Wir leben in einer Zeit, in der die Bedrohung durch das Coronavirus praktisch alle Bereiche des öffentlichen und sogar einen Großteil des privaten Lebens bestimmt. Die Welle an abgesagten Veranstaltungen, Liefer- und Auftragsstopps, die sich nunmehr seit Wochen auftürmt, ist beispiellos. Was für die euro‧päische Kunststoffindustrie mit der (vorläufigen) Verschiebung der Chinaplas von April in den August begann und zunächst weit weg zu sein schien, zog auch hierzulande eine Kettenreaktion nach sich.

Den angesichts der raschen Verbreitung des Virus ergriffenen Vorsichtsmaßnahmen fielen zahllose Messen, Kongresse und Geschäftstermine zum Opfer.
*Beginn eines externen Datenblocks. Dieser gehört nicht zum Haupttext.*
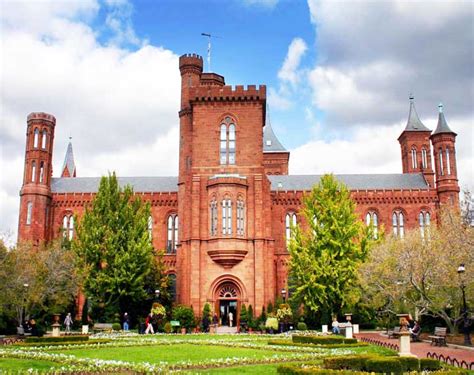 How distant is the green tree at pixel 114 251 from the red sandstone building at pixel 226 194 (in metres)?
3.77

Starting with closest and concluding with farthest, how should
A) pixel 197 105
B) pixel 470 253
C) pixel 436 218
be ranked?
pixel 470 253
pixel 197 105
pixel 436 218

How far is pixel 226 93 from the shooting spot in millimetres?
48781

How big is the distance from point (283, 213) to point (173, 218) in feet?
37.6

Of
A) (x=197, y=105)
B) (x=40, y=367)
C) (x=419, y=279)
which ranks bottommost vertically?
(x=40, y=367)

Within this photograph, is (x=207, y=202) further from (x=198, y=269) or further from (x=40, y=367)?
(x=40, y=367)

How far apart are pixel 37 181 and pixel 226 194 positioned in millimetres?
22312

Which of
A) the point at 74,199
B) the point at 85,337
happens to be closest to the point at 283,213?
the point at 74,199

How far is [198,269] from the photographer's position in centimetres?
4534

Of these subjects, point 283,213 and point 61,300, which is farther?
point 283,213

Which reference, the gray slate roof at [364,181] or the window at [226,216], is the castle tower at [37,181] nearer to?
the window at [226,216]

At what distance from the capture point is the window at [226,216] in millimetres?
45688

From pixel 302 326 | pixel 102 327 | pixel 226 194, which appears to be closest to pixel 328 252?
pixel 302 326

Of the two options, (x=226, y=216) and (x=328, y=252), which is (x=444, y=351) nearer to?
(x=328, y=252)

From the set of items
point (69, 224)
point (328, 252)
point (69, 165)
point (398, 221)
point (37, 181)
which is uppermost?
point (69, 165) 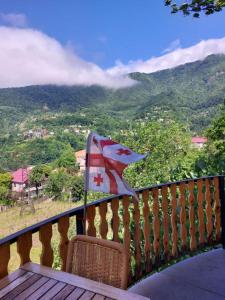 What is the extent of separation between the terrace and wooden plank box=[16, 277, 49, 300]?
0.11 meters

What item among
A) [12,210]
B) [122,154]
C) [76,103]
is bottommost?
[12,210]

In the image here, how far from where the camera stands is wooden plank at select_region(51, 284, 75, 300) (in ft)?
4.26

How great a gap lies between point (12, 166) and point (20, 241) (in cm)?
4970

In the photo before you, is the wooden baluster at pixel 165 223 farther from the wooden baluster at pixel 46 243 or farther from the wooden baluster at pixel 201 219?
the wooden baluster at pixel 46 243

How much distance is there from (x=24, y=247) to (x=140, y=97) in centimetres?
8197

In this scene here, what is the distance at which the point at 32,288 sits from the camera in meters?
1.36

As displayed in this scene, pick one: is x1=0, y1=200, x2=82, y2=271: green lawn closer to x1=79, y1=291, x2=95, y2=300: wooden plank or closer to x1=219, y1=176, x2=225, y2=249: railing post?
x1=219, y1=176, x2=225, y2=249: railing post

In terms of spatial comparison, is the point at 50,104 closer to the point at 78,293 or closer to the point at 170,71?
the point at 170,71

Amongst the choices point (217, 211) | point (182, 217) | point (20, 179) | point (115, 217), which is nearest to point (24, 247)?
point (115, 217)

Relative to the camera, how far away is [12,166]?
161 ft

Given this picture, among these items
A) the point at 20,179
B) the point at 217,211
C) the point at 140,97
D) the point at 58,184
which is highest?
the point at 140,97

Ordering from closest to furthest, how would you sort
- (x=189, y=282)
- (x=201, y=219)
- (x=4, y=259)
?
(x=4, y=259)
(x=189, y=282)
(x=201, y=219)

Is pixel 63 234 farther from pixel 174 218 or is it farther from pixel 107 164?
pixel 174 218

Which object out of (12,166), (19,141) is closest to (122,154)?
(12,166) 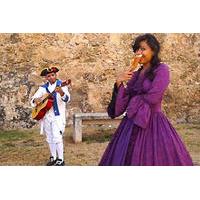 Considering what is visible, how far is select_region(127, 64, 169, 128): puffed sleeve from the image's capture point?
4945 mm

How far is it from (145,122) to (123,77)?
1.12ft

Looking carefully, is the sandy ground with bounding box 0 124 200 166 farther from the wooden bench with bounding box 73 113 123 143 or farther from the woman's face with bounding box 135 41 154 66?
the woman's face with bounding box 135 41 154 66

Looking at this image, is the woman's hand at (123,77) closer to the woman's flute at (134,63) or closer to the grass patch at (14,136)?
the woman's flute at (134,63)

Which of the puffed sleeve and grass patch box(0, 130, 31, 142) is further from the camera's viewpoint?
grass patch box(0, 130, 31, 142)

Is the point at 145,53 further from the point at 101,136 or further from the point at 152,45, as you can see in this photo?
the point at 101,136

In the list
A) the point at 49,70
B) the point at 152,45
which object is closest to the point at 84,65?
the point at 49,70

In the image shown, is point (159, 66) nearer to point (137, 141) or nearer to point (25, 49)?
point (137, 141)

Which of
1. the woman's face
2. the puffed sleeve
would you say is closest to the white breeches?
the puffed sleeve

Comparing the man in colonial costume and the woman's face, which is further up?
the woman's face

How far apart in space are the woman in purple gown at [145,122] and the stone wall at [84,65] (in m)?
0.06

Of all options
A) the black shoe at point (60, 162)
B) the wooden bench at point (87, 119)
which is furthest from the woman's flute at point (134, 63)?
the black shoe at point (60, 162)

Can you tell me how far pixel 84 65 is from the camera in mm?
5047

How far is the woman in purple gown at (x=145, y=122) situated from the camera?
4.96m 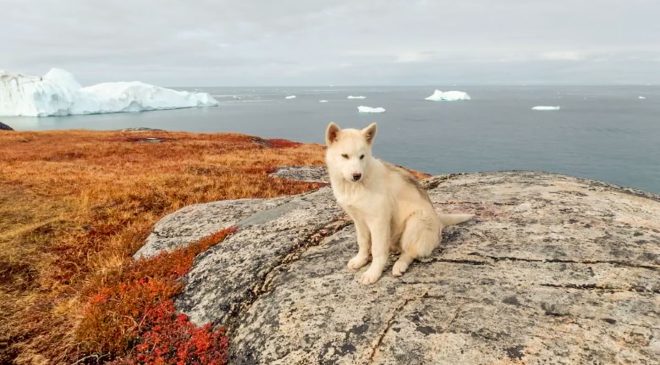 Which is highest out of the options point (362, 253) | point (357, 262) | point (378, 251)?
point (378, 251)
Quarantäneerlasse für Unternehmen mit positiv getesteten Mitarbeitern und zerrissene Lieferketten brachten die Produktion lokal zum Erliegen, die Börsen gingen nahezu ungebremst auf Talfahrt. Es wirkt, als hätte das Coronavirus die Koronararterien dieser Welt abgeschnürt. Schmerzlich wird uns bewusst, wie fragil das Fundament unseres Daseins ist.

Für die Branche bleibt eine Erkenntnis: Kunststoffverarbeiter sind plötzlich systemrelevant. Denn ohne Nachschub an Beatmungsmasken, Infusionsbesteck, Diagnosezubehör und anderen notfallmedizinischen Kunststoffprodukten – natürlich auch Schutzkleidung – droht der Kollaps in der Patientenversorgung. Hoffen wir, dass es nicht so weit kommt.